Kindlimann bestätigt, was man z.B. auch aus dem Munde moderner Kaziken der Kaingang in Rio Grande do Sul, Brasilien - im konkreten Fall handelt es sich um den cacique Camargo - hören kann: Die wichtigste traditionelle Funktion innerhalb eines Reservats ist sei des cacique, des Chefs eines Volkes, eines Stammes. Dieser repräsentiert die Tradition oder Geschichte ebenso wie die Kontinuität der Kultur des Stammes. Der cacique, der - in einer „basisdemokratischen" Gesellschaft, und um eine solche handelt es sich bei den índios, in welcher jedes Glied der Gemeinschaft Wort und Stimme besitzt - stets primus inter pares bleibt, muß eine ungemein starke Integrationskraft besitzen, mittels derer er seine Sippe zur Gefolgschaft zu mobilisieren vermag.
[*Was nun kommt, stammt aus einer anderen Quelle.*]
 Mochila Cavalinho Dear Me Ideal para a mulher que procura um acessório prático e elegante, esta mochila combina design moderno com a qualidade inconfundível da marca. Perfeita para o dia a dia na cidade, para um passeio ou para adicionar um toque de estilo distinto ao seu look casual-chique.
Das Amt des cacique figuriert innerhalb der brasilianischen Verfassung nicht - es sei denn im „Indianerstatut", in dem der Präsident der Republik, der „große weiße Häuptling", durchaus eine Rolle spielt -, doch die Häuptlingsfunktion ist innerhalb des Volkes der Kaingáng und der anderen Stämme nach wie vor lebendig. Dies gilt übrigens ebenso für die indogenen Guarany-Volker in Paraguay. Die brasilianischen Behörden, deren autoritäres Gehabe eigentlich geradezu das Gegenteil der eingeborenen „Basisdemokratie" darstellt, respektieren die traditionelle Funktion des Kaziken: „Die Bräuche der eingeborenen Gemeinden, ihre Sitten und Traditionen, sowie deren Auswirkung auf die familiären Beziehungen, auf die Frage der Nachfolge von Häuptlingen, auf die Eigentumsfrage und auf das Wirtschaftsleben sollen beachtet werden, sofern es sich auf das Zusammenleben der Indios bezieht." (Gesetz Nr. 6.001, vom 19.12.1973, dem sog. Indianerstatut - Estatuto do Índio - art. 6°)
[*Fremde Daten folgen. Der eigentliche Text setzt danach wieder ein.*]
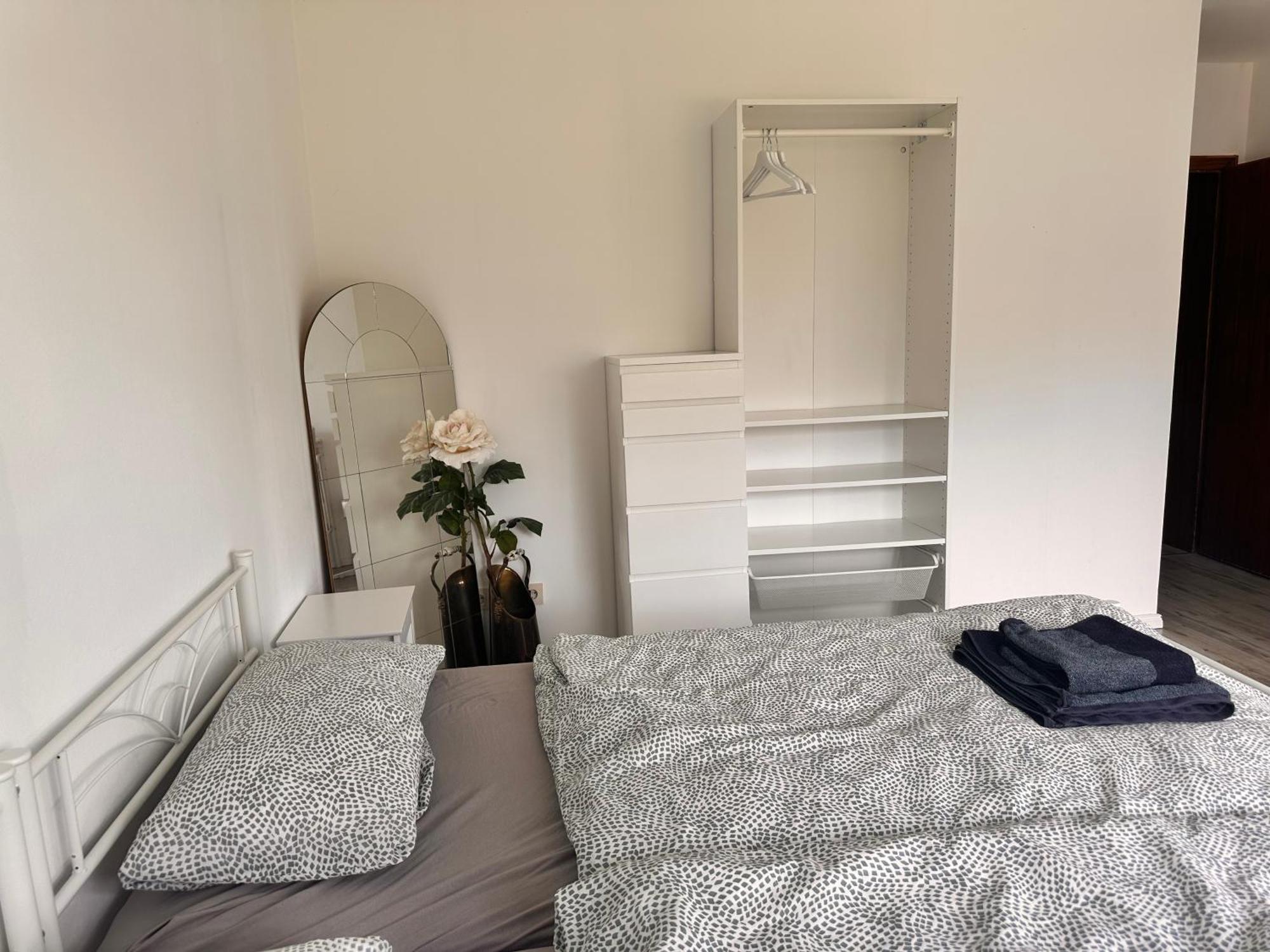 Schoene Mit Waldblick In Apartment *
„Bei dem Amt des Kaziken handelt es sich um eine Funktion", erklärt Camargo, „zu der man durch eine Wahl durch das Volk gelangt, nicht durch familiäre, verwandtschaftliche oder andere Traditionen und Verbindungen, nicht durch die Geburt. Wenn der Vater Häuptling ist oder war, wird der Sohn nicht deswegen ebenfalls Häuptling werden, wie dies in anderen Kulturen vielleicht der Fall sein mag. Wir haben den cacique", fährt er fort, „danach kommt der capitão - Hauptmann -, dann gibt es die oficiais - „Offiziere" oder „Beamte" -, unter anderem für Fragen der Sicherheit. Es gibt im Reservat eine Art von Autonomie. Außerdem haben wir das Amt des conselheiros - Berater - und natürlich stets die direkte Beteiligung des Volkes, nicht nur der Bevölkerung eines bestimmten Ortes, sondern der Angehörigen unserer Ethnie in ganz Brasilien."

Der cacique der Reserva Indígena Inhacora, Rio Grande do Sul, Camargo, wurde 1989 gewählt und übte sein Amt bis zum Jahre 1993 aus. Der conselho, der Stammesrat des Reservats, macht einen Vorschlag, das Volk versammelt sich und wählt. 1997 wurde der frühere cacique erneut gewählt. Die Gemeinde bat ihn, er möge das Amt wieder übernehmen. Da er gute Arbeit geleistet habe, wollte man ihn wieder haben. So begann Camargo 1997 ein neues Mandat durch Abstimmung, ein Mandat für unbestimmte Zeit, nicht a priori determiniert.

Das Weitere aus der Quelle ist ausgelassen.